Both projects will have access to an implementation support pathway equivalent to €5,000 worth of services, provided by Studio Shift in collaboration with KERNEL Studio Società Cooperativa. Fondazione Compagnia di San Paolo also reserves the possibility of providing further financial support for subsequent implementation phases.


Beyond Ideas: What Emerges and What Remains
This experience clearly shows that services for young people do not necessarily need to be radically new to be attractive; rather, they need to be rethought in terms of the ecosystem in which they operate and how they are made accessible.
The proposed ideas — even those not selected — addressed very specific issues: the fragmentation of information, the perceived distance between young people and companies, the difficulty of translating informal competencies into recognised value, and the need for relational tools that engage before guiding. In this sense, the festival functioned as a true research and observation field, addressing key questions such as: where do pathways break today? Where does the gap between opportunities and young people emerge? Which transitions need to be reconsidered?
Dialogue between different skills and generations broadened the interpretation of the theme, challenging implicit representations of work such as the idea that stability is the only desirable goal, the fear of risk, the management of error and the relationship between individual expectations and the real opportunities offered by the territory. This was not a theoretical debate, but rather a practical confrontation that forced the proposals to be evaluated against diverse perspectives and shared responsibilities.

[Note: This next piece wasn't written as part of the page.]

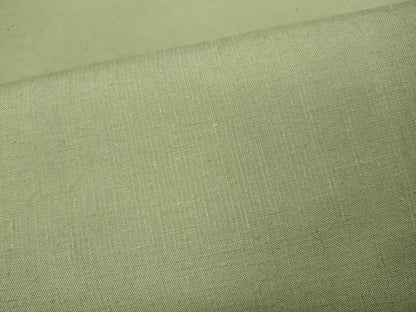 平和屋着物●結城紬　色無地　裏葉柳色　正絹　逸品　CABM9299ut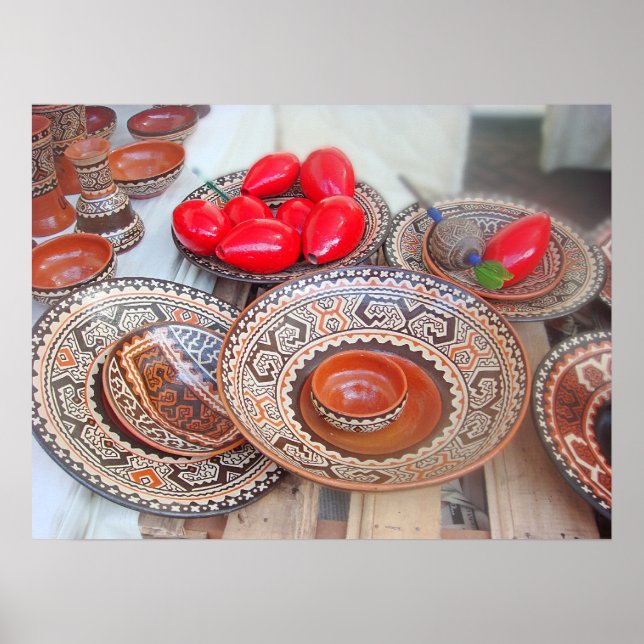 Färglöst potteri på en artisan Fair Poster (Framsidan)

The outcome is not only the projects themselves, but also a new way of working: designing with and for networks, involving both service providers and users.
The support pathway now beginning for NEMO and JOBX represents the continuation of this process, as well as the challenge of testing the robustness of the emerging proposals and their capacity to generate relationships between young people, companies and local territories in real contexts.